Cell death induced by Lepeophtheirus salmonis labial gland protein 3 in salmonid fish leukocytes: A mechanism for disabling host immune responses

The salmon louse (Lepeophtheirus salmonis) is an ectoparasite feeding on mucus, skin, and blood of salmonids. On parasitised fish erosions and, at later lice stages, ulcerations appear at the louse feeding site. In susceptible species like Atlantic salmon (Salmo salar) with a limited rejection of lice, only a mild inflammatory response with minor influx of immune cells is seen at these lesions, as the salmon louse secrete proteins that can dampen immune responses. In a previous study, Lepeophtheirus salmonis labial gland protein 3 (LsLGP3) was suggested to dampen cellular responses, and the present study aimed at increasing our understanding of its mode of action. LsLGP3 was found to be secreted on to the host skin, and both in vivo and in vitro experiments were performed to elucidate its function. Histological analysis of the louse attachment site revealed an epidermal and dermal influx of mainly macrophages and granulocytes after 5 days post infestation. The immune cell influx was deeper in the dermis throughout the louse infestation, and LsLGP3 may be involved in dampening this response. Enriched populations of Atlantic salmon B-cells, T-cells, granulocytes, and monocytes were exposed to recombinant LsLGP3 (recLGP3) in vitro, resulting in a significant decrease in cell viability compared to non-exposed controls. An apoptotic cell morphology with “beads-on-a-string” like protrusions was seen in all leukocyte cell fractions after recLGP3 exposure, but not in erythrocytes or keratocytes. A decreased viability was also detected in pink salmon leucocytes, which was not in leucocytes from non-salmonid species.
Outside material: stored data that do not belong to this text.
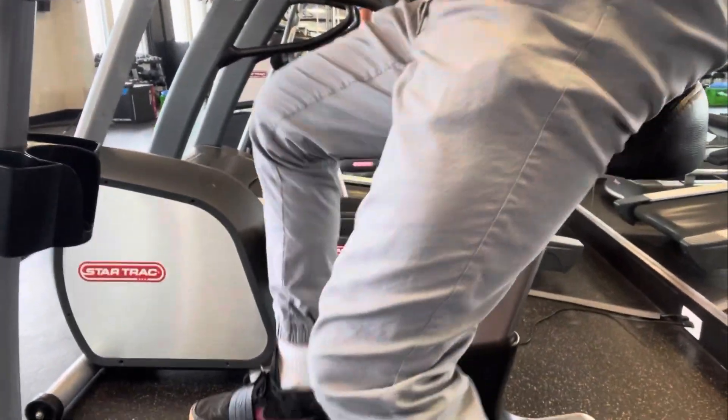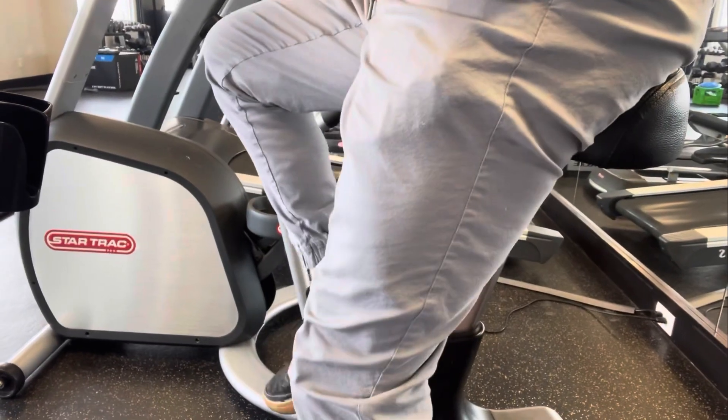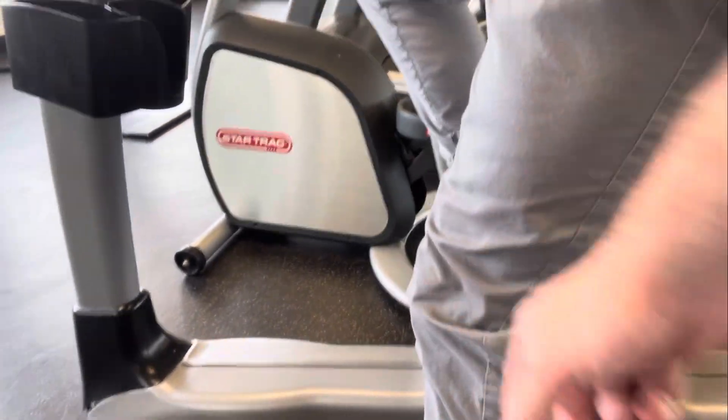VO2 max testing done on the bike — make sure the bike is set up properly. You want just a little bit of a bend in the knee for height as you go down. For Alley here, yeah, that's perfect right there — just a slight knee bend. Sometimes the client wants it a little bit higher, but make sure it's consistent.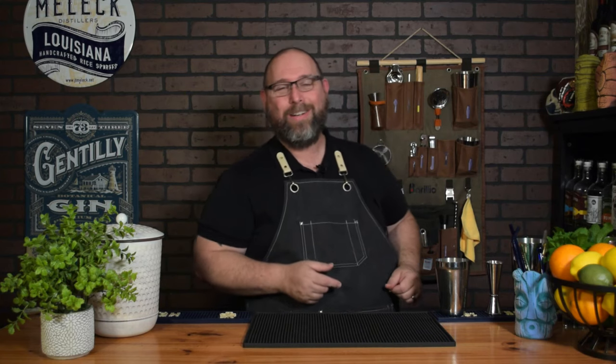Welcome to another episode of Low Carb Cocktails. I'm Frank, the Low Carb Cocktail Guy. Today's video is going to have a lot of stuff going on, so I'll have some timestamps below in the description if you want to pick and choose what you want to see. But today we're doing five summertime cocktails and they're all going to be low carb. So let's go ahead and get started.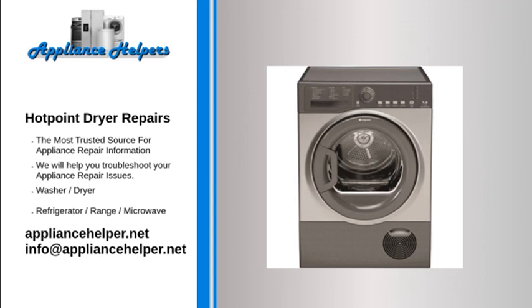Hotpoint dryer makes noise: Drive belt. The drive belt is a very long, slender belt that wraps all the way around the dryer drum, around a tension pulley, and then around the drive motor. Over time, the drive belt can become frayed or otherwise damaged. If the drive belt is frayed or damaged, the dryer will be noisy as it turns. Inspect the drive belt for signs of wear; if worn, replace it.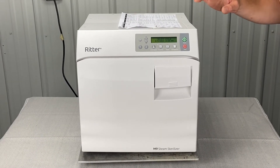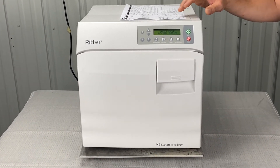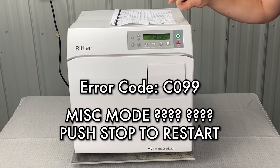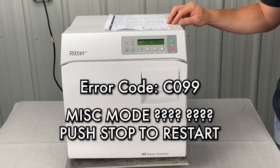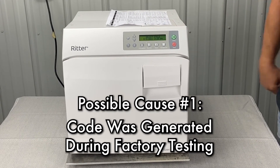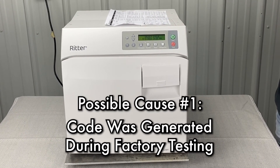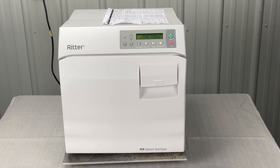Right now we're going to talk about the Midmark M9 new style error code Charlie099. Charlie099 is MISC mode — push the stop button to restart. This code was generated during factory testing, no check necessary. Press the stop button and initiate a new cycle.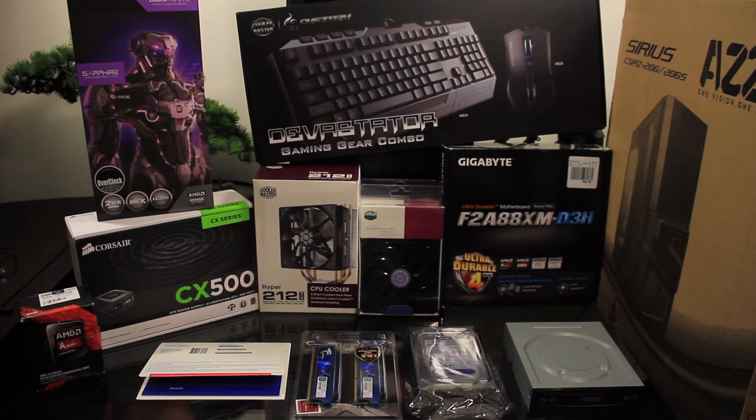Welcome to War Crimes Gaming. What you see in front of you is the build I'm going to put together. Basically what I want is a build that can play 1080p at 40 to 60 frames per second.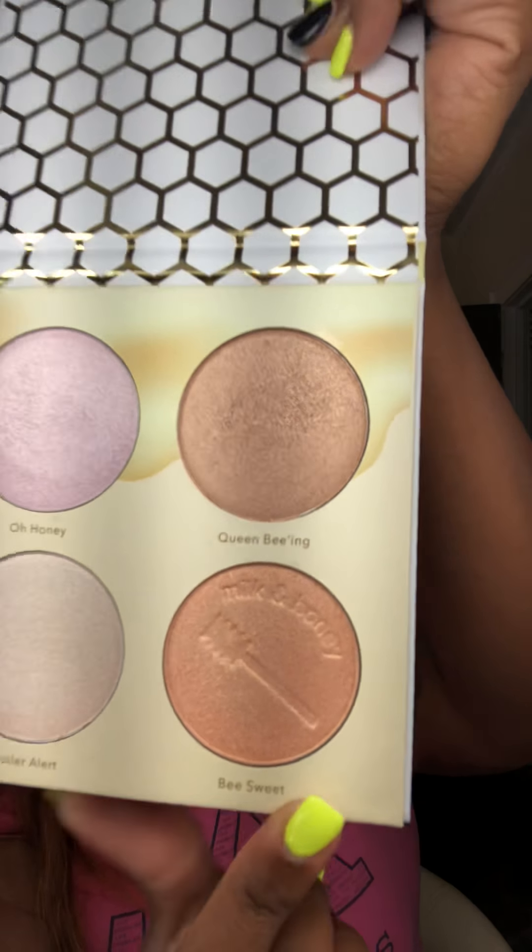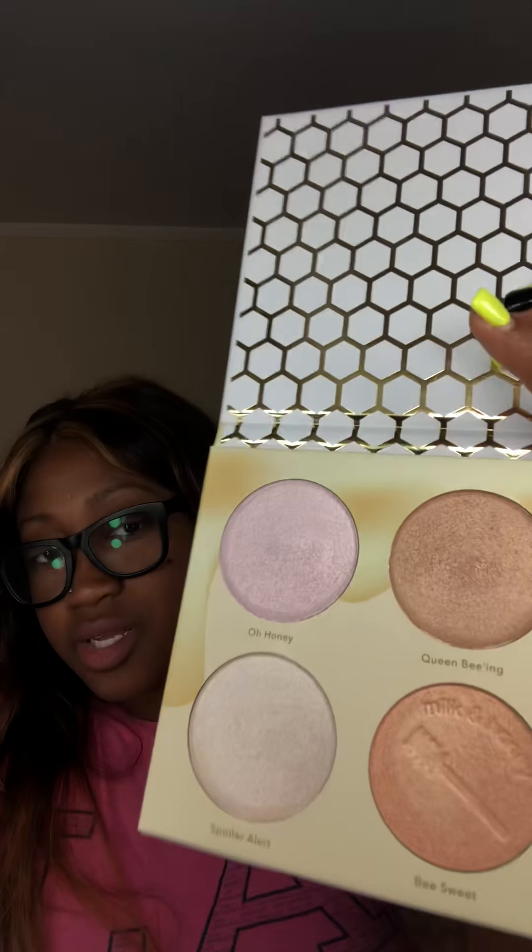We have four colors: Oh Honey, Spoiler Alerts, Queen Bean, and B-Sweet. I'm going to go ahead and zoom in so you guys can see. Oh Honey is going to be the first swatch, next is Queen Bean, third is Spoiler Alerts, and last but not least is B-Sweet.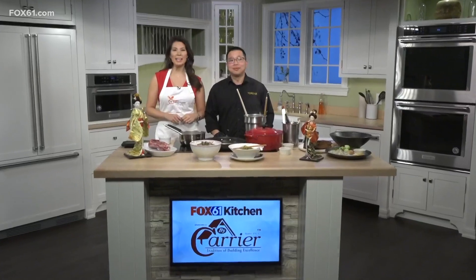Welcome back. We're here in the Fox 61 Vi Carrier Kitchen. I'm joined by Jin Lin from Tomo 68 in Naugatuck. Jin, thank you so much for being with us. Thank you for inviting me, I'm very thrilled. We are making ramen today and this is actually the first time I think we've made ramen in the Fox 61 kitchen, so I'm really excited. I'm a huge fan, so let's get started.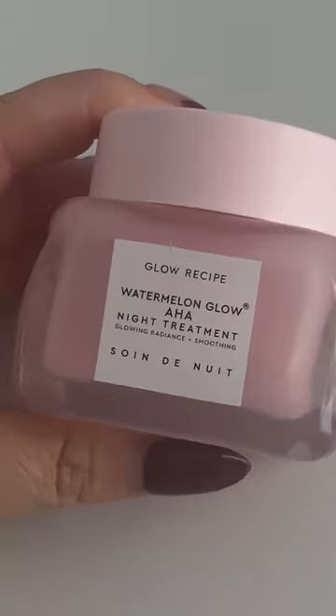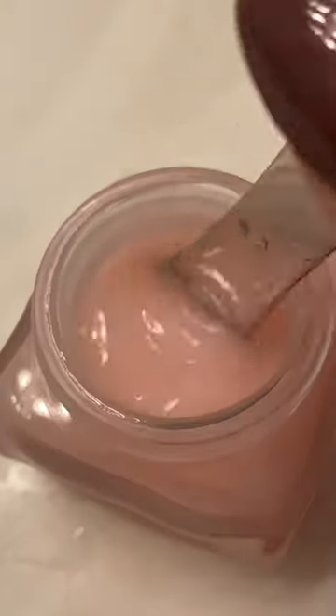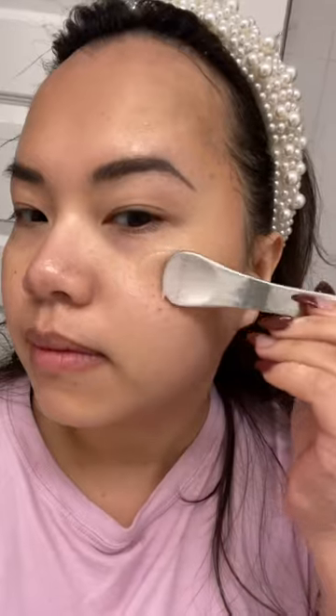This Glow Recipe night mask is better than the original one. I have been using this for a couple of weeks now. It has AHA to exfoliate skin, and niacinamide and hyaluronic acid to plump and hydrate skin.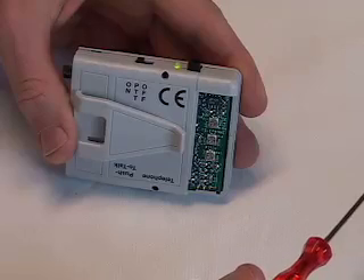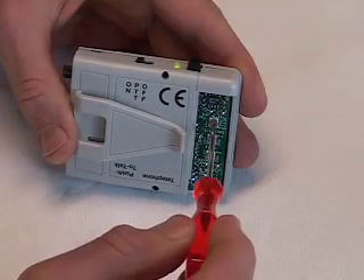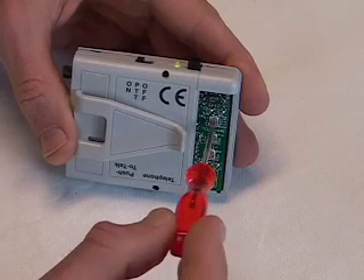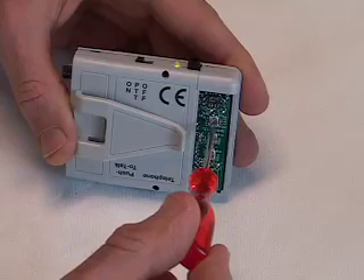You'll find two other controls behind this sliding panel. The top control is the microphone gain. Adjusting the microphone gain enables you to use different microphones — for example, you might turn down the gain with a throat microphone, but turn up the gain with a lapel microphone.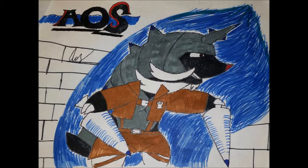Hey guys, it's Attack on Samurai, and this is a very special video. Today is the day when I first started doing this channel, and it's also my birthday, which is pretty cool. I wanted to show this slideshow of all the drawings I've done.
These functional insights suggest that LsLGP3 specifically induces apoptosis of salmonid leukocytes and is likely a key protein secreted by the lice that disables the Atlantic salmon ability to mount an adequate immune response towards the salmon louse. In vivo LsLGP3 knock down studies indicated that the effect is localised primarily at the lice feeding site, without affecting immune cells that are not situated adjacent to the lice-inflicted lesion. The findings from this study could significantly aid in the development of new immune based anti-salmon louse prophylactic measures and treatments.